姿勢良く立ち上がると。いつも通りの冷静な顔で静かにスタッフを見つめる義久だが。また罵声が飛んだ。

「それじゃ後転だろ!」

「おめーせこいんじゃ!やり直せやごらぁ!」

「ううむ……確かに……私はせこかったな。失礼」

 義久は百科辞典をスタッフから借りると。姿勢を正して深呼吸した。その静かで研ぎ澄まされた佇まいに皆は息を呑む。一応きちんと様々なトレーニングをしていた義久は。マットを手で勢いよく押し。何とか回転しきったが。着地でバランスを崩し。前のめりに倒れた。

「うっ!」

「よ、義久さん! お体は……」

 心配そうに見上げる花蓮に、義久は軽くガッツポーズをして誇らしく言った。

「回りきったぞ!」

「……義久兄上お見事です! 見事に回転しきりました!」

「さすが兄上でごさる!」

 笑顔で拍手する歳久達。苦笑いする観衆。そういえば成功させろとは書いてないし、一応バク転なのかな……回転しきったから……とスタッフは目を合わせると。最後の封筒を取った。

「……琥珀刀引換券! 三枚目!」

「兄上ぇえーやったでござる!!」

 特設台には義弘達が集まり。胴上げが始まった。珍しく笑顔満開の義久は星輝く夜空に宙高く舞う。……武芸や感覚的な物は義弘や義虎殿に、知性や教養では歳久に、将棋は家久にも及ばぬ私だが……。もしかしたら何か違う道を見つけられれかもしれぬ……。そう義久は充実感を噛みしめ。彼の目からは一筋の流れ星が走った。……胴上げが終わると。義久達は家久や康子に格子水晶のペンダントで勝利を報告する伝言を残し。姿を見ない父達を探していたが。義虎の封筒開封の特設会場で足を止めた。
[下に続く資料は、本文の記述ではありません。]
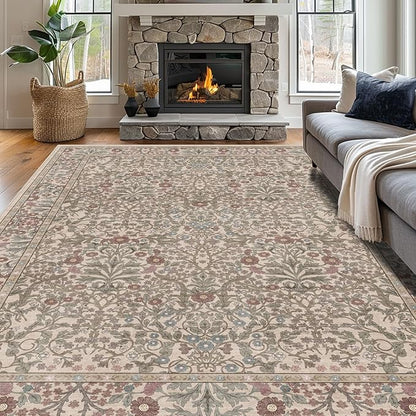 Vintage Moss Living Room Rug, 9x12 Washable Area Rugs - Image 4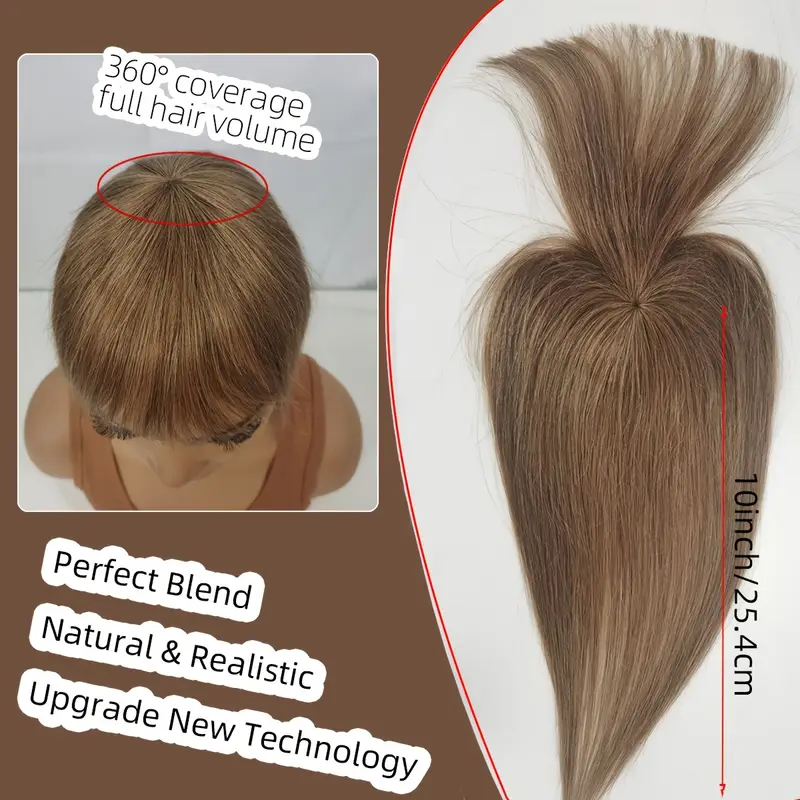 360 coverage human hair topper wig with bangs straight clip in hairpiece for thinning hair 6 color hair extensions for women natural look versatile styling hair wig hair volume enhancer texture details 4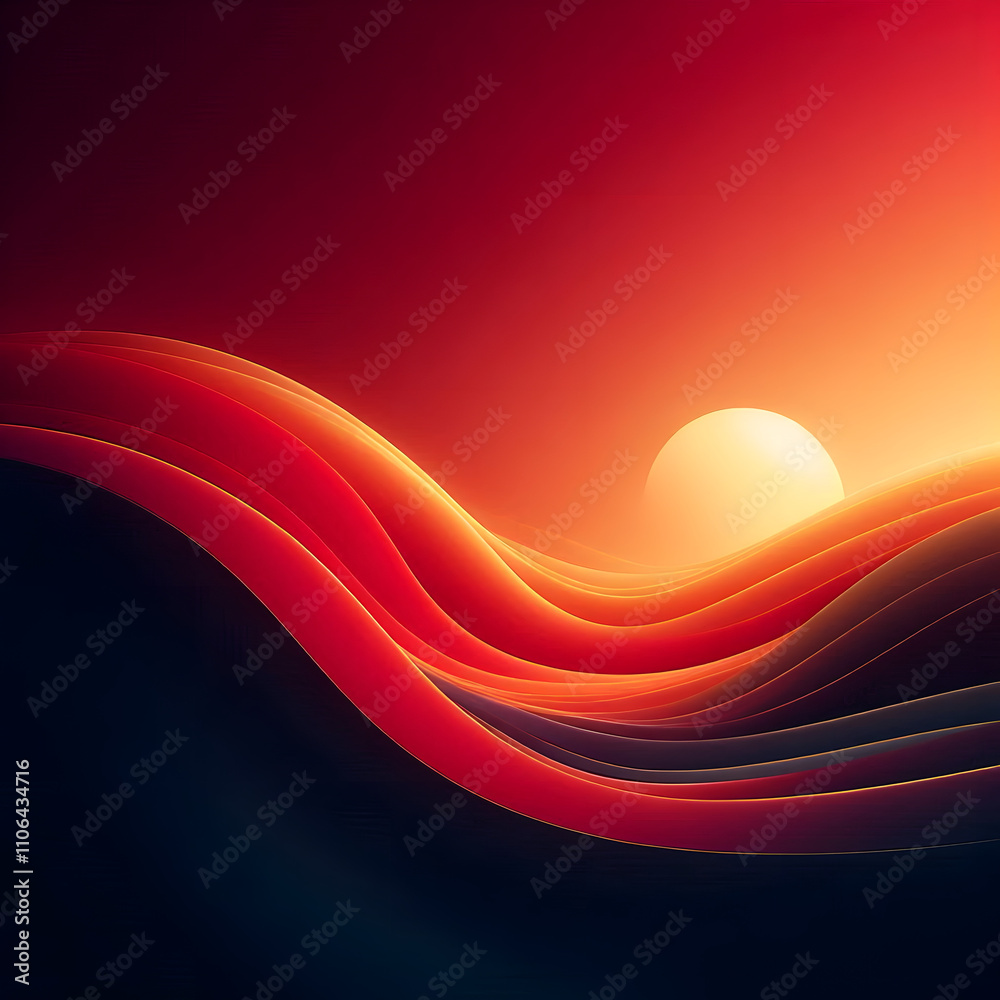 Fototapeta premium ink wave with orange dynamic gradient pattern in modern creative design setting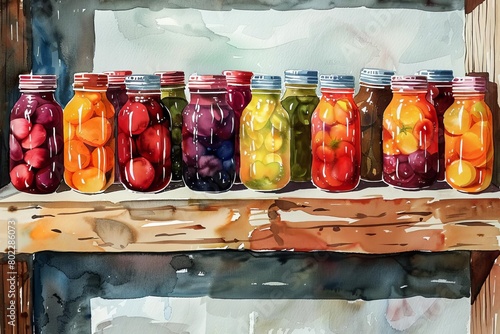 An image of colorful jars of various pickled vegetables and fruits on a wooden shelf.
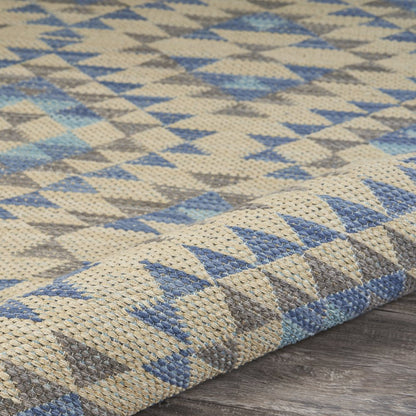 Tula Cotton Blend Area Rug Indoor in Blue/Cream, 5' x 7'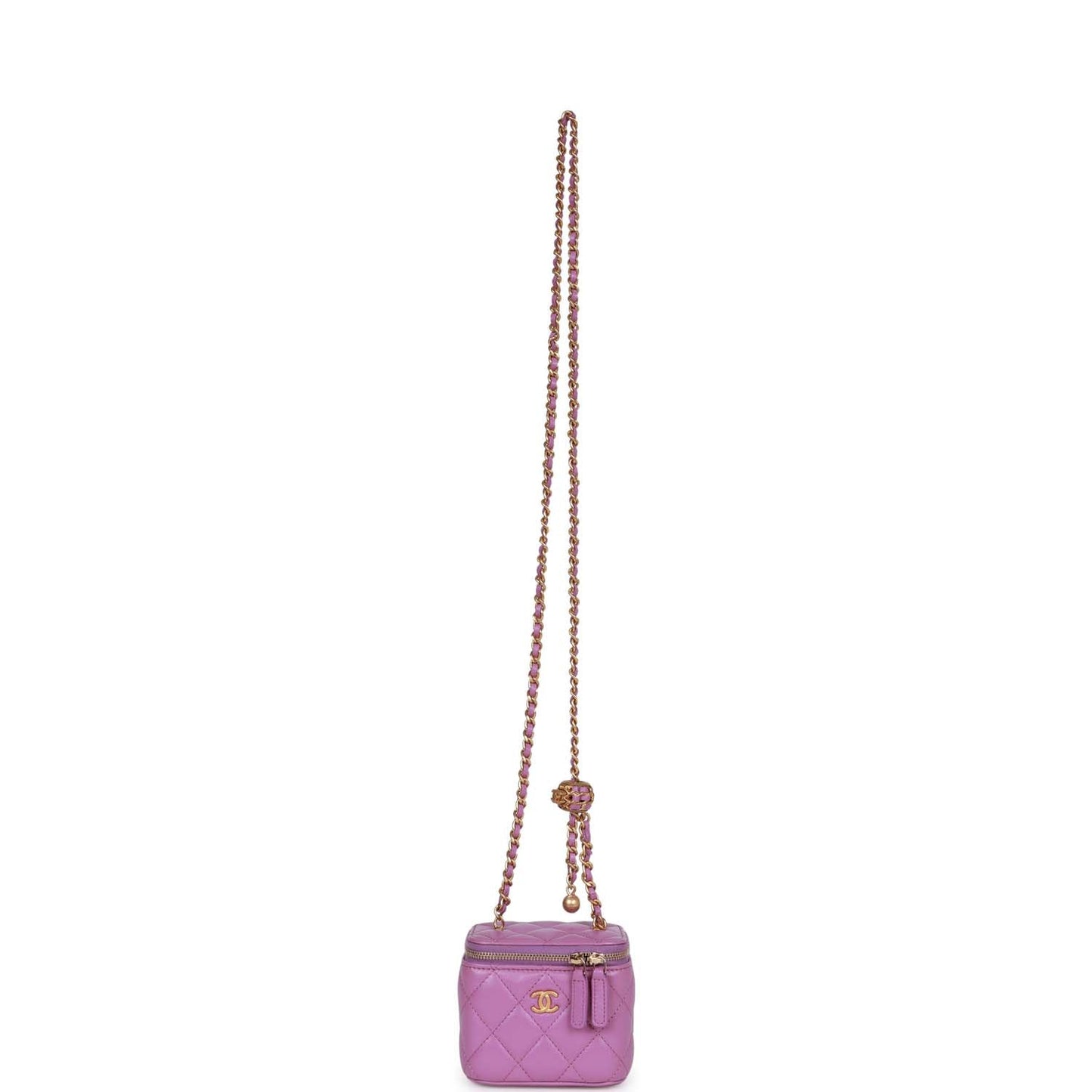 Chanel Small Classic CC Vanity Case Purple Lambskin Gold Hardware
「兄上が引いたのが62枚、義虎殿が引いたのが46枚……豚の合唱でタイムロスもあったというのに一体なにがあったでござるか? ……あっ」

「義虎殿が苦手な英語ですか……」

 義久達の視線の先の義虎は。特設台の上で辞書を抱えて半泣きしていた。

「こんなんわかんねぇえぉあああー! もう義久殿が族長って勝負はついたんだからもー勘弁してくれよあああーっ!」

「負け戦でも最後まで戦い抜くのが武人! 兄上には同じ年齢の一般人の七割も英語力があります! よく考えればできるはず!」

「……ポジティブな嫌みはやめろよちくしょーー!」

 教養問題はヒント禁止。ただただ激励するしかない忠継は、心配そうにかつ気の毒そうに義虎を見つめる。少し遠くでみていた義久も気の毒そうに呟いた。

「琥珀刀は全部で五本。こちらは三本分の引換券を手に入れた……つまり最高でも二本分……」

「勝負はついたのにちょっとかわいそうでござるな。義虎殿の支持者も撤収しちゃったでござるし」

 義弘も同情するような眼差しで特設台を見つめる。そんな中。義虎は何とか英文の訳を完成。拍手が起こる。

「次の封筒は…………鼻歌を歌ってスキップでござるか。そんな心境じゃないだろうに……」

 やけくそで鼻歌を歌いながらスキップする義虎。ふらふらな彼の横でやっと最後の封筒が開封された。

「最後の封筒です………な、なんと琥珀刀引換券五本分! 大当たり!」

大友村が得意な花の刺繍がしてある、少し豪華な引換券。それが野次馬達に見せびらかされ。忠継は泣きながら義虎に抱きついた。

「兄上! やりました……これで父上の病気もきっと良くなります!」

「……俺で……いいのか?」

 少し複雑な顔の義虎だが。病気の父がいるという言葉に同情した観衆は拍手し。一部は特設台に雪崩れ込んで胴上げが始まった。それを義久達は口をぽかんと開けて見つめていた。

「なにがなんだか……あ、兄上!」

「義久さん!」

 義久はショックと疲労のあまり、ガクッと膝をついた。


登場人物の真似は絶対におやめください。命と人望を損なう恐れがございます。